═══ Input material ═══
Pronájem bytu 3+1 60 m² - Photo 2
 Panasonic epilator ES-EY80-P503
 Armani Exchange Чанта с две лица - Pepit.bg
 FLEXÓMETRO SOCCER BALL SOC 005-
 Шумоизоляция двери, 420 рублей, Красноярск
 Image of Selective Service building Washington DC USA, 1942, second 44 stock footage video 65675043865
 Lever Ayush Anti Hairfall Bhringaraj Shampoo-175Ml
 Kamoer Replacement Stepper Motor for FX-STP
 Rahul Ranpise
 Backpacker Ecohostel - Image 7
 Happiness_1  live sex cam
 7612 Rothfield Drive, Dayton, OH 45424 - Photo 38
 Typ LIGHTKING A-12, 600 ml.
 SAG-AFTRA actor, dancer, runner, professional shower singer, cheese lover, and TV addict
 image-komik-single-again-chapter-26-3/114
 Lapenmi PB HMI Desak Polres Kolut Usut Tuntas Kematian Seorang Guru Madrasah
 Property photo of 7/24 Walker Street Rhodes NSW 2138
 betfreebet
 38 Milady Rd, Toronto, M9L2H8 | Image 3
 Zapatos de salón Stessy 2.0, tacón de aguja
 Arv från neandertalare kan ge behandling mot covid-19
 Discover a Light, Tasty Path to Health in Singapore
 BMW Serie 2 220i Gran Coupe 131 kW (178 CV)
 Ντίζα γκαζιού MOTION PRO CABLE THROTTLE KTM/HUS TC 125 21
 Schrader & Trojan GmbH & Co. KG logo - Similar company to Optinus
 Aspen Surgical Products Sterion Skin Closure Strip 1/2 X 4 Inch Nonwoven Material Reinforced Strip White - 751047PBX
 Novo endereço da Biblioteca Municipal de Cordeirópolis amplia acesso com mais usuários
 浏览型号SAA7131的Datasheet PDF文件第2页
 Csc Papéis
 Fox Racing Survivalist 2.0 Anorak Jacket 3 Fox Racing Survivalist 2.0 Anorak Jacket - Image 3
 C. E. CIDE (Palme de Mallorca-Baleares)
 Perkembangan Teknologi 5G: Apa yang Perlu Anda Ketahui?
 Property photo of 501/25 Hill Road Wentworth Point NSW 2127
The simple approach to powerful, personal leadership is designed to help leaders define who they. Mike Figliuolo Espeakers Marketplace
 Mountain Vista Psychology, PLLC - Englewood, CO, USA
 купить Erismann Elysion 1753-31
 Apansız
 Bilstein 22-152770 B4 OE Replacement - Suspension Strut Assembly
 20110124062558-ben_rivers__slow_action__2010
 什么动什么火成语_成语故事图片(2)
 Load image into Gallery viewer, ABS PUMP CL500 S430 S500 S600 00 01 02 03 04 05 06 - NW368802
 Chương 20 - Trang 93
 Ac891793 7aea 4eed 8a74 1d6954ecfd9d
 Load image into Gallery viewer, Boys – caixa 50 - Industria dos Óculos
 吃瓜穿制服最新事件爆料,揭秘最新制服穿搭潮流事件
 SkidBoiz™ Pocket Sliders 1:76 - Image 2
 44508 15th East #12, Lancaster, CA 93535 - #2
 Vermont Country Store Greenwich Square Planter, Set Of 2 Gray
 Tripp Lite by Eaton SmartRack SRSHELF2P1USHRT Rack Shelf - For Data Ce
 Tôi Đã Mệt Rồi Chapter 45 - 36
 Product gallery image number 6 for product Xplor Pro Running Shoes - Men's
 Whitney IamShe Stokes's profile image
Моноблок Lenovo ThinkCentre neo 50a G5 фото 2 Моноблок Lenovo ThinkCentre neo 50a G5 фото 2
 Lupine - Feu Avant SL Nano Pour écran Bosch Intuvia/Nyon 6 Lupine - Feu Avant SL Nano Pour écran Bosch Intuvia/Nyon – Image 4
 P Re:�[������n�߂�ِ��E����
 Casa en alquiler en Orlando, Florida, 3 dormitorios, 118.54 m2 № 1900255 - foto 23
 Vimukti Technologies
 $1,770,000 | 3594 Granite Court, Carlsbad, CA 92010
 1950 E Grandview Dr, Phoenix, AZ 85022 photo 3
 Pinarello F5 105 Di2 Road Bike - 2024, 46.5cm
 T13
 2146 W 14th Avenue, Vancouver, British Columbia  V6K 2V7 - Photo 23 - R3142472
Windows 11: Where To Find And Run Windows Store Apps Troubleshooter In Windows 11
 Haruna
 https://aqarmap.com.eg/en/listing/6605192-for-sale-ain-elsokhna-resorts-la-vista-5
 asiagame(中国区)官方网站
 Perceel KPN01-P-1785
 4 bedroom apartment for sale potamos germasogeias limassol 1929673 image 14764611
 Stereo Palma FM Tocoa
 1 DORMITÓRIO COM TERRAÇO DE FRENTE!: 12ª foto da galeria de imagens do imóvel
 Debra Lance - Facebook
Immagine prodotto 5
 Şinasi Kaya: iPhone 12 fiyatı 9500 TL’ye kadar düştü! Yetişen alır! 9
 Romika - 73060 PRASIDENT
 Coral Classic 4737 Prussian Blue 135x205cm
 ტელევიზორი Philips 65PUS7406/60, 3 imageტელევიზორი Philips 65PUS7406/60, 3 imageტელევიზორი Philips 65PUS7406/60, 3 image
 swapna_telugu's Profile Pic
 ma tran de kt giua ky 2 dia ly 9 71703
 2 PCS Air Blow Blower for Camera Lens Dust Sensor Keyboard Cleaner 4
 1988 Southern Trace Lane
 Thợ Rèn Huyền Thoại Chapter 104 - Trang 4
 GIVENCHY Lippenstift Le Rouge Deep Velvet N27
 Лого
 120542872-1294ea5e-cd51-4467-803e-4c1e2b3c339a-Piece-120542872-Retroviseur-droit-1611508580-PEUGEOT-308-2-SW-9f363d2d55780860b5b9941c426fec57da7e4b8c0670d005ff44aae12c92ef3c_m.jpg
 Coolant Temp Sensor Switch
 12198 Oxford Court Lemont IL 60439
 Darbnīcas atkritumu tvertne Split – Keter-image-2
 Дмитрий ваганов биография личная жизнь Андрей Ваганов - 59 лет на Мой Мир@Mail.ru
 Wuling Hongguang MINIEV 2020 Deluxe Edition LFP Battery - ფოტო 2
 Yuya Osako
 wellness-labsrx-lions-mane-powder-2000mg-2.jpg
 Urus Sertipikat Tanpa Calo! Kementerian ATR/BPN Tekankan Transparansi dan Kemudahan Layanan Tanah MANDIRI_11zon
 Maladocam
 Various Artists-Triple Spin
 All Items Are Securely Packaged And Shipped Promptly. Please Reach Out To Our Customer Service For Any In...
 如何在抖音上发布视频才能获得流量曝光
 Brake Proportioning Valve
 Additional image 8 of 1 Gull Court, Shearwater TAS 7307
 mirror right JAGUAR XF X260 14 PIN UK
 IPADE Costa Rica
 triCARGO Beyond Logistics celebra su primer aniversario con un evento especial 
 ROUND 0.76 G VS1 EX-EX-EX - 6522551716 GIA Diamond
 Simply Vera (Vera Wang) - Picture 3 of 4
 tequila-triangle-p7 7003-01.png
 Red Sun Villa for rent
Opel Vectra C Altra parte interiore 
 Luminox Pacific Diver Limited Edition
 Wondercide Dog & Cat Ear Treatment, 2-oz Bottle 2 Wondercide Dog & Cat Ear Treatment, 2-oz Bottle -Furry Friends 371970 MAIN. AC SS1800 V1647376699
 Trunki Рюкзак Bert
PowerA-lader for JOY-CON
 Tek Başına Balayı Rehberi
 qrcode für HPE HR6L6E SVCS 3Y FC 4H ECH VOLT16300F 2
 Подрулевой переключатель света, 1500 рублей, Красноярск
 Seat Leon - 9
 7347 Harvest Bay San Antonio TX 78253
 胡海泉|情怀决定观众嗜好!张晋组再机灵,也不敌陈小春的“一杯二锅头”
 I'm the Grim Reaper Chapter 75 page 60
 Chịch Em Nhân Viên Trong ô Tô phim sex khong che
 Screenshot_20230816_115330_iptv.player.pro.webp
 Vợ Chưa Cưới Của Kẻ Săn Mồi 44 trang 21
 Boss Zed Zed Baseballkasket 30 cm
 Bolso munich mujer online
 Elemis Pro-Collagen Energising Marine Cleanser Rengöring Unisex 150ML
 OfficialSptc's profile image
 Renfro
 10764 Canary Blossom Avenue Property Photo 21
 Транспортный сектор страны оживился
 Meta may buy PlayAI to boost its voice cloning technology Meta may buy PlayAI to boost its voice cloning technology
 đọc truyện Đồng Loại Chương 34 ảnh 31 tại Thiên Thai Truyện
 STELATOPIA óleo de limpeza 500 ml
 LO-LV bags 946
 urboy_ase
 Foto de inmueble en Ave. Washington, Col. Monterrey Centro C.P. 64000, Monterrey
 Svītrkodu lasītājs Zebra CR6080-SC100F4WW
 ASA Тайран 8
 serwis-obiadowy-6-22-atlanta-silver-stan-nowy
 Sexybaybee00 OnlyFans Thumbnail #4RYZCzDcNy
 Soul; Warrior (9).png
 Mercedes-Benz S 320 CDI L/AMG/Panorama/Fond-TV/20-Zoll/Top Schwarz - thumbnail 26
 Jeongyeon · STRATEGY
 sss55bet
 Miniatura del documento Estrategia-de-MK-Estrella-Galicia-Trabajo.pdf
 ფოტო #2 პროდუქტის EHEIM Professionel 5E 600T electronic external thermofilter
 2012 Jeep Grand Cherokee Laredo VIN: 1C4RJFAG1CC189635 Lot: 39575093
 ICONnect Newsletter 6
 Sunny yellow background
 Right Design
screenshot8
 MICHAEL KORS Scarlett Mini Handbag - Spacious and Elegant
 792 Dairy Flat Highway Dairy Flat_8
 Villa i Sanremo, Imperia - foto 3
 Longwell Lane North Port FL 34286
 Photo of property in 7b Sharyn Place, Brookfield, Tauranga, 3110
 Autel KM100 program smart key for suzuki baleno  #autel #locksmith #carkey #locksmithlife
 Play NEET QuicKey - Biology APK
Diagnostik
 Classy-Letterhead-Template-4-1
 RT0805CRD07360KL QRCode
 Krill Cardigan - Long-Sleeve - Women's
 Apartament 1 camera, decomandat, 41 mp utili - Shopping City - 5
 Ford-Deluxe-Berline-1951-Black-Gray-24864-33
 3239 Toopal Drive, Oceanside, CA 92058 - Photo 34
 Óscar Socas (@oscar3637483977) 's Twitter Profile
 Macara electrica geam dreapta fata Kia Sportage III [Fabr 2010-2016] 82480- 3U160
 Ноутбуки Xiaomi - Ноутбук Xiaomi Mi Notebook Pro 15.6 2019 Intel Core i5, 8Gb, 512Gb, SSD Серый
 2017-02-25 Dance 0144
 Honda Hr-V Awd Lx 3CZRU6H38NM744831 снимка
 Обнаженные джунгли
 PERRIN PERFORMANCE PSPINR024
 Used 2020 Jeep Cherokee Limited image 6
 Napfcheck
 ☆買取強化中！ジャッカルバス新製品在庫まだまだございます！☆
═══
• _Exercise prompt_
Going through the entries above, report how many lines contain the word "Replacement", with no other text.

• _Response area_
2